A bank of clouds probably isn’t the best place to start to try to make a Photoshop Brush (B). What you need is a sky full of individual clouds. You know, cloud, sky, cloud more sky, more clouds, sky, etc. It doesn’t even have to be a great shot of a sky. Today’s image isn’t one that could be easily used to replace a bald sky. In fact it’s one step away from the trash heap, but for making a Brush, it’s fine.
The first step is to make it Black and White (B&W). Brushes, in the raw state are black, white and gray. Color comes from whatever foreground color selection you’ve made, by any means you want. (Color Picker, Swatches, sampling, your choice.)

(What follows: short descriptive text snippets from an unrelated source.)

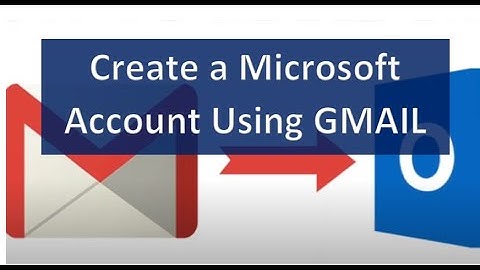 How to Create a MICROSOFT Account Using Your GMAIL Account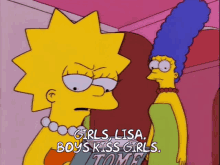 a cartoon of lisa simpson and marge simpson saying " girls lisa boys kiss girls "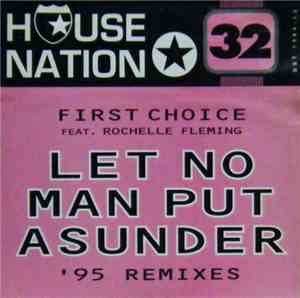 First Choice Feat. Rochelle Fleming - Let No Man Put Asunder ('95 Remixes)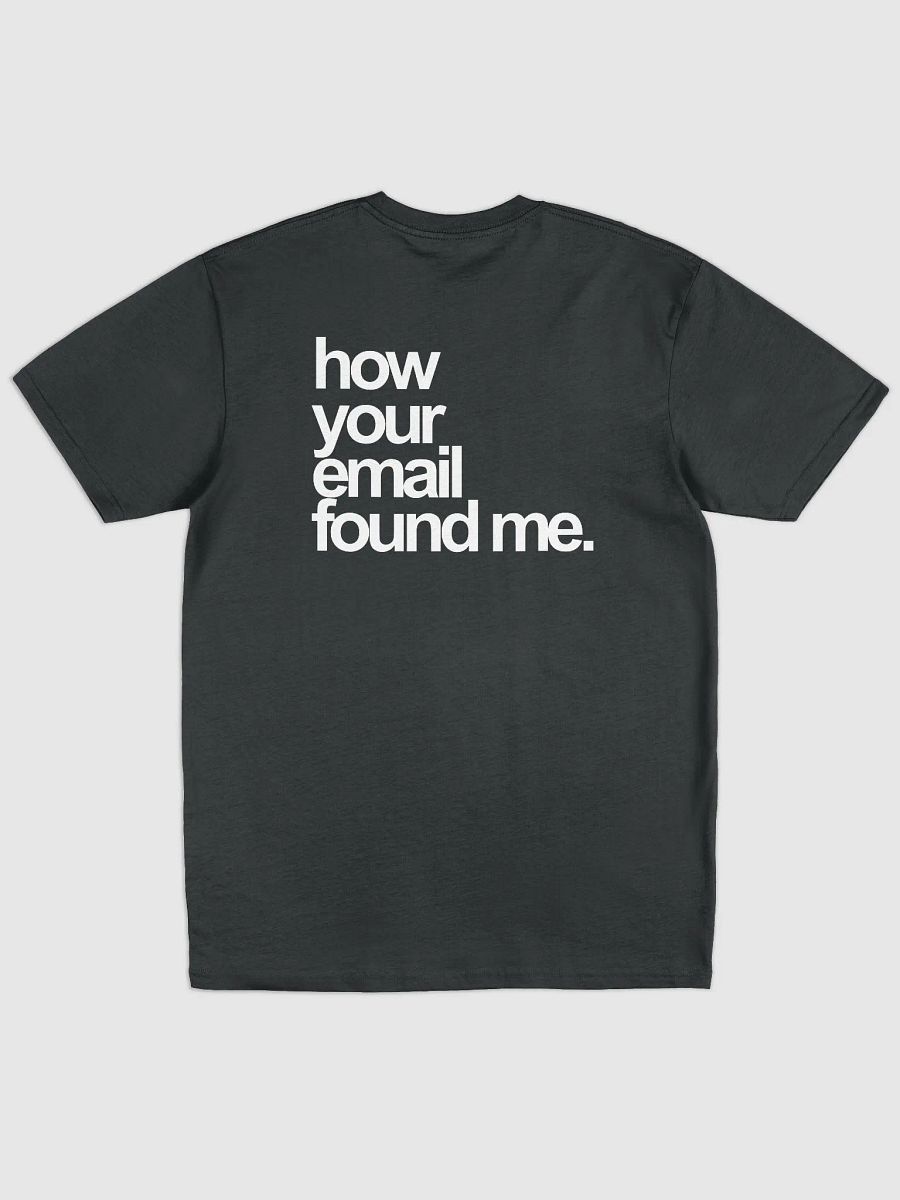 How Your Email Finds Me | T-Shirt product image (2)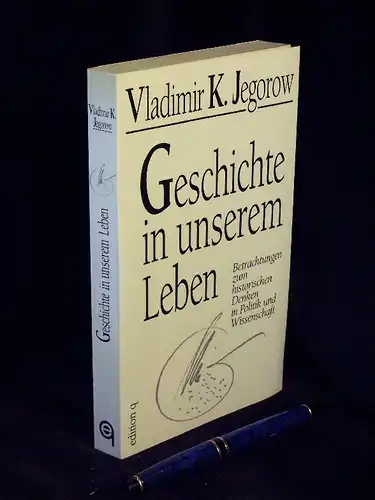 Jegorow, Vladimir K: Geschichte in unserem Leben - Betrachtungen zum historischen Denken in Politik und Wissenschaft -  LAGERRÄUMUNG. 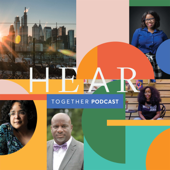 HearTOGETHER Podcast - The Philadelphia Orchestra / Khadija Mbowe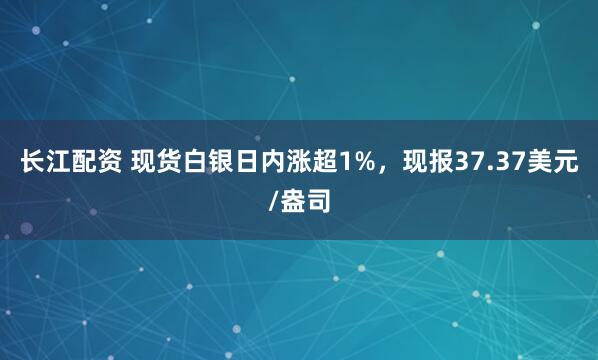 长江配资 现货白银日内涨超1%，现报37.37美元/盎司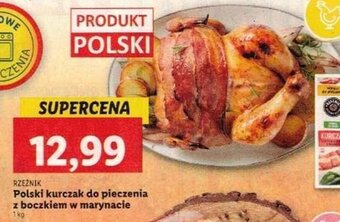 Lidl RZEŹNIK Polski kurczak do pieczenia z boczkiem w marynacie 1kg oferta
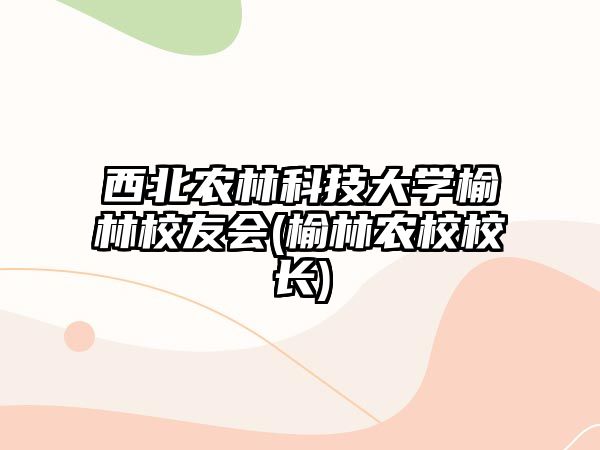 西北農(nóng)林科技大學(xué)榆林校友會(huì)(榆林農(nóng)校校長(zhǎng))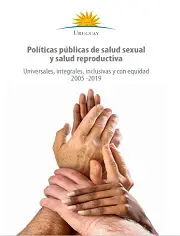 Línea del Tiempo: Políticas públicas de salud sexual y salud reproductiva. Universales, inclusivas y con equidad 2005-2019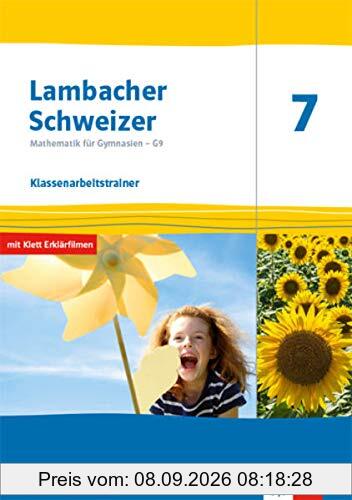 Lambacher Schweizer Mathematik 7 - G9. Ausgabe Nordrhein-Westfalen: Klassenarbeitstrainer. Schülerheft mit Lösungen Klasse 7 (Lambacher Schweizer ... G9. Ausgabe für Nordrhein-Westfalen ab 2019)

So, now we have a B&W image of a cloud, but the sky is gray. The next step is to crank up the contrast between the blacks and the white. Everything black in the Brush is going to be 100% color when you use the Brush. Everything White is going to be clear (no color) with the Brush. Grays will be varying levels of transparency. Getting that greater amount of contrast is easily done using a Levels adjustment. You can use a Levels Adjustment Layer if you think you might want to go back and tweak things. You can also use a permanent Levels Adjustment (Image/Adjustments/Levels) if you’re sure you can get what you want on the first shot.
Once the sky is a deep, rich Black, it’ time to make it a milky white. Select the entire image (CTRL A) and then Invert the color (CRTL I [eye]). Black is now white and white is now black. The cloud portion is still gray, just the reverse of what it was. This is the time you might want to tweak those Blacks and White with a Levels adjustment again.
Next comes the part that trips up a lot of people. Using the Gradient Tool (G) to feather the edges of the frame. Some folks will feather (apply a Gradient) to the left side and get just what they’re looking for. Then they’ll try to feather the top, only to have the left side pop back to its original state. That because they’re using the Black to White Gradient. The one they’re actually looking for is the Foreground to Transparent Gradient. That’s the one that will allow you to add to rather than replace the Gradient you’ve just put down. Go around the entire frame creating a nice, soft edge to the outside of the cloud. You now have an image that can be made into a Brush.
Make a selection around the cloud and go to Edit/Define Brush Preset. Give your Brush a name and you’ll find it as the last Brush in your default Brush Library. If you’d like to save it to another library you only have to have that library selected when you start.
You can now go nuts using your newly made Brush to do all sorts of creative things. Select the Brush Tool (B). Open Window/Brush and you'll have the Brush Engine available to you. With it on the Brush Tab you can do just about anything you can think of to the Brush. You can torture the daylights out of the thing. The big things, if you'll be making Backgrounds would be to spin the Brush, Flip the Brush, squish the Brush. Just remember to dab the Brush. You don't want to swipe across the "canvas". Just pop, pop, pop, spinning or flipping after every dab. Change Cloud Brush? Add a new Layer. Change color? Add a new Layer. Play with Opacity. Play with Blend Modes. Let I said, go nuts.